Problem to solve — Images are to be left out; everything else in the listing should be repeated exactly.

Material provided —
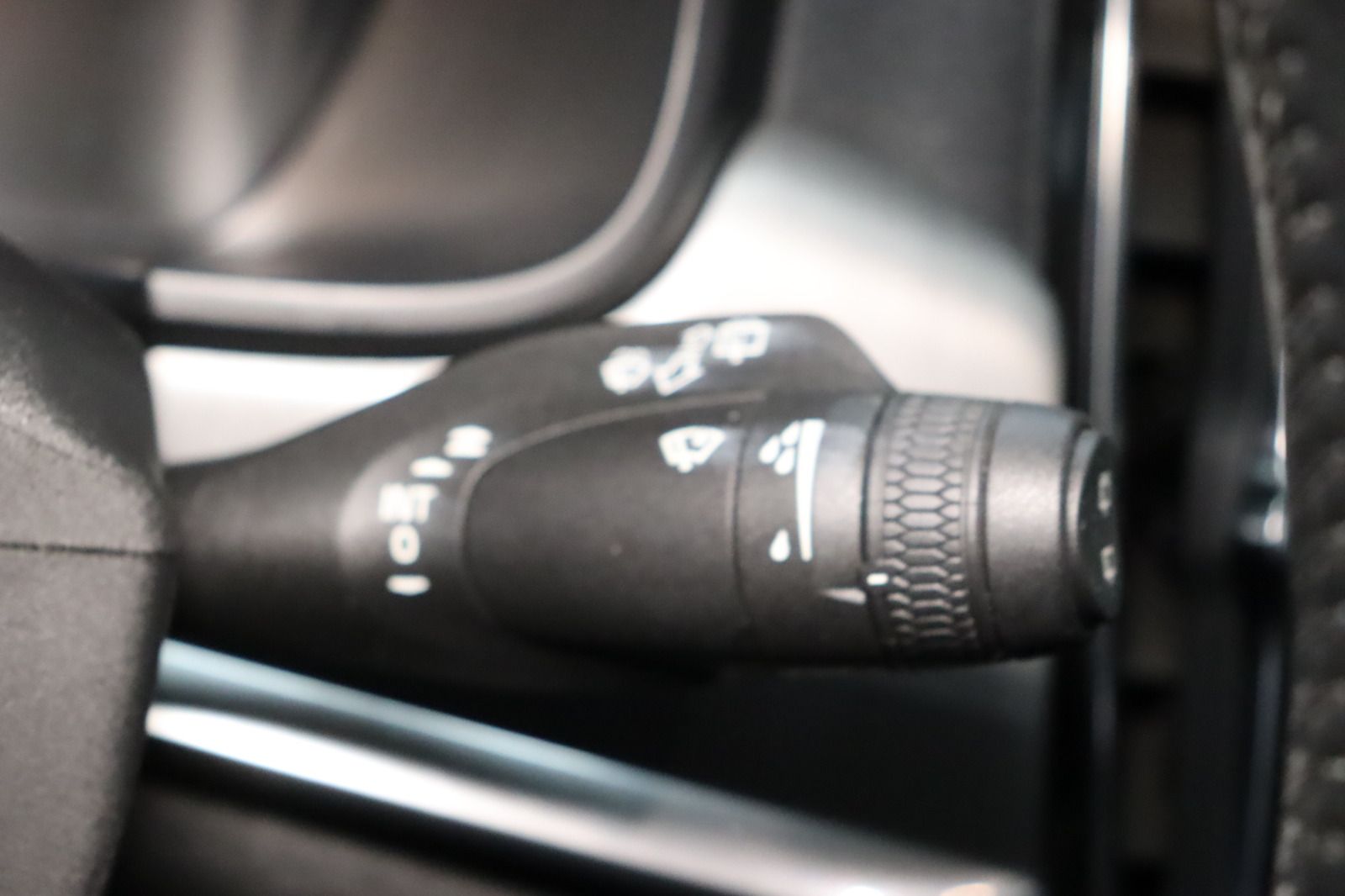 Fahrzeugabbildung Volvo V90 Kombi * HUD * Keyless * Limited Edition Mome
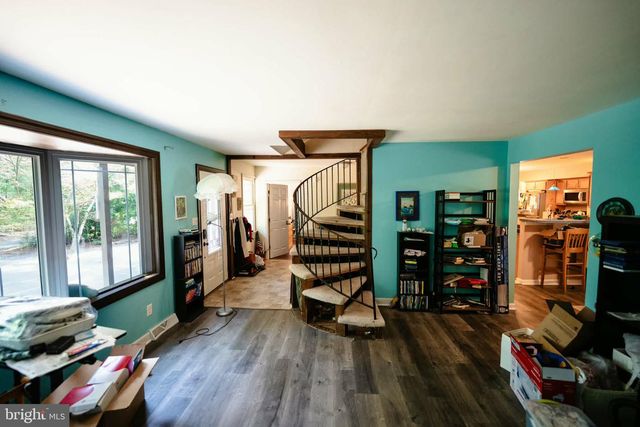 42 W LAKE RD, Medford, NJ 08055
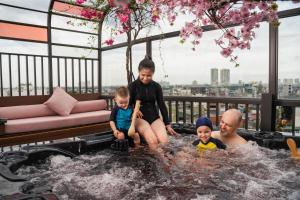 Aurora Central Hanoi Hotel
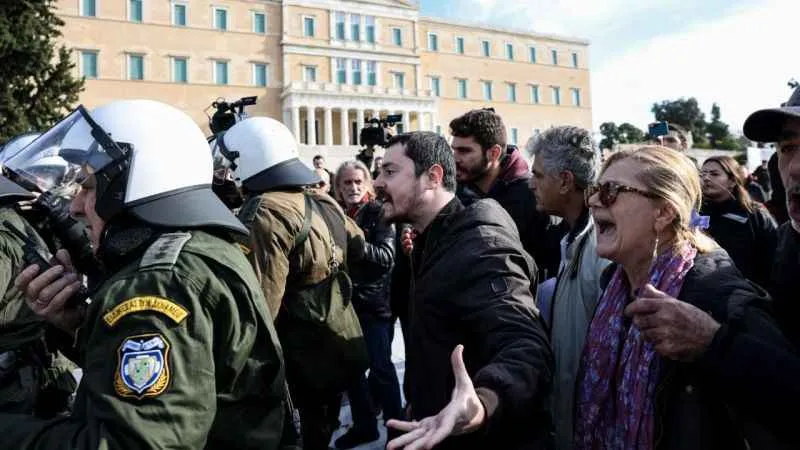 Yunanistan’da özel üniversite kurulmasına izin veren yasa tasarısına tepki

Solution for this exercise —
 Fahrzeugabbildung Volvo V90 Kombi * HUD * Keyless * Limited Edition Mome
 42 W LAKE RD, Medford, NJ 08055
 Aurora Central Hanoi Hotel
 Yunanistan’da özel üniversite kurulmasına izin veren yasa tasarısına tepki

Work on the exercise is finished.